Blanc bonnet, bonnet blanc

L’organe du radicalisme et des milieux d’affaires réunis, la Neue Zürcher Zeitung, qui suit ces péripéties électorales comme du lait sur le feu, se félicite que la campagne soit morne et ennuyeuse, loin des épisodes chaotiques vécus durant les dernières décennies. Ainsi la collégialité, comme le système de concordance, ne sont plus ébranlés.

Dans un long commentaire, son responsable de la rubrique nationale, Michael Schönenberger, trace la feuille de route du futur gouvernement ainsi homogénéisé.
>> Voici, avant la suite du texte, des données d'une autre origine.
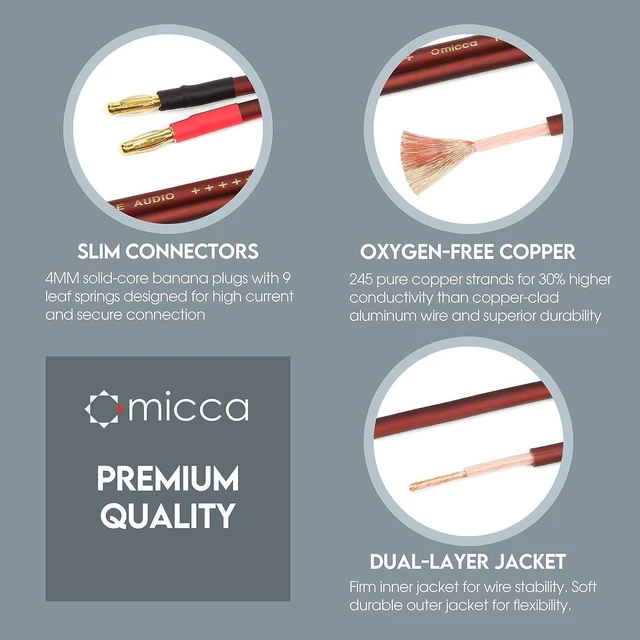 Alt view image 7 of 8 - Micca 14 Gauge Pure Copper Speaker Wire, 12 Feet 2 Pack, Gold Plated Banana Plugs, Soldered Construction, Slim Design, 245 Strands, for Stereo or Home Theater, 4 Meters Pair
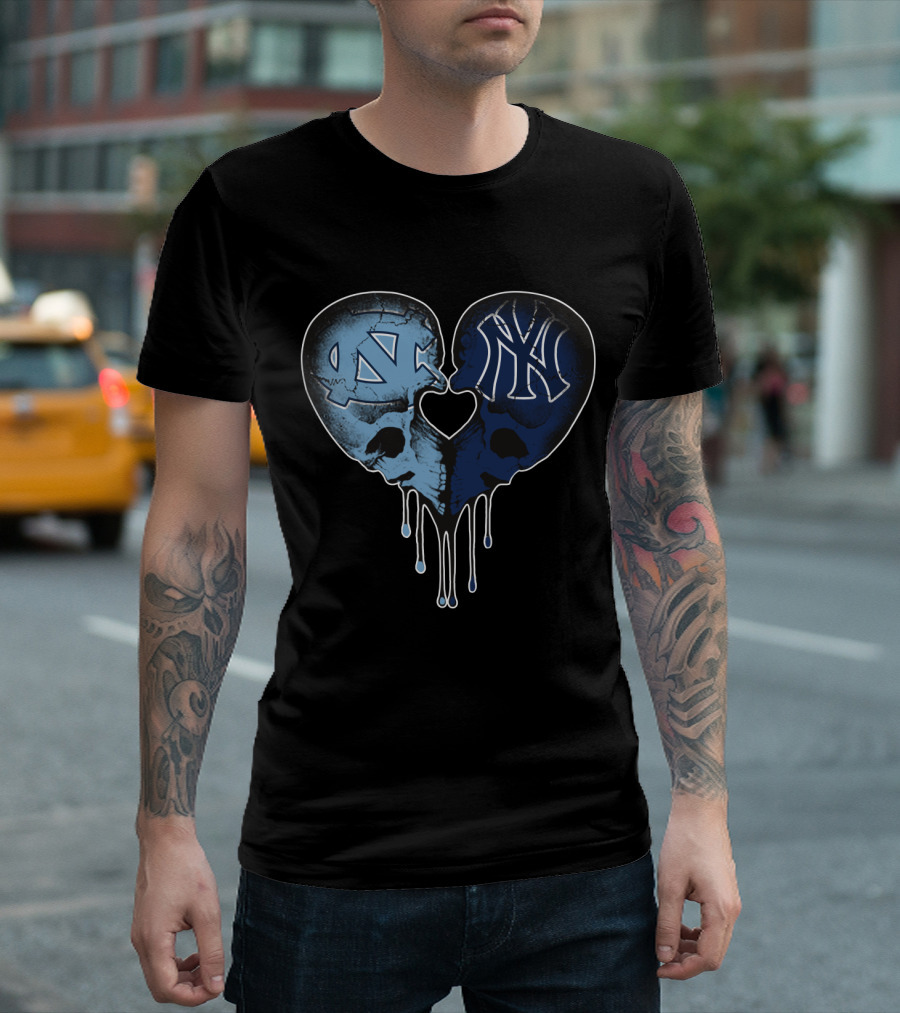Yankees Tar Heels Skull Heart Drip T-Shirt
Il souhaite que ce dernier se saisisse activement d’abord de la question européenne, qui doit être réglée sans perte de souveraineté. C’est ensuite à la santé et à l’Etat-providence qu’il faudra s’en prendre, le meilleur Etat social étant celui dont on n’a pas besoin, les individus menant leur vie sous leur propre responsabilité. La meilleure politique sociale – et la plus durable – est en effet celle qui pose et garantit les fondements d’une économie prospère. Passons sur la digitalisation de l’économie que le gouvernement doit promouvoir grâce à une stratégie claire. Notons que les sociaux–démocrates doivent se rallier sans coup férir aux dépenses de la défense nationale. Relevons aussi que les paysan·ne·s sont priés d’apprendre à se passer de subventions par milliards. La culture et l’aide au développement finiront aussi devant la ferme, là où l’on met le fumier. Enfin, le tournant énergétique doit être vigoureusement pris, sans recours aux centrales à gaz à cycle combiné. Et qui sont, pour la NZZ, les deux candidats susceptibles de porter ce mirifique programme? Cassis ou Maudet, évidemment. On vous aura prévenu…

Daniel Süri


Les bouffons de la binationalité

Ils doivent  certainement se prendre pour des gens de leur époque, des modernistes même. Pourtant ils viennent de nous rejouer une farce digne du Moyen–Age, une farce grotesque, déclenchant rires et sarcasmes mêlés d’effroi.

Ignazo Cassis et Pierre Maudet sont binationaux, le premier italo–suisse et le second franco–suisse. Le premier a ouvertement renoncé à sa nationalité italienne et l’a clamé haut et fort. Le second s’est déclaré prêt à abandonner « momentanément » sa nationalité française si le Conseil fédéral le jugeait bon.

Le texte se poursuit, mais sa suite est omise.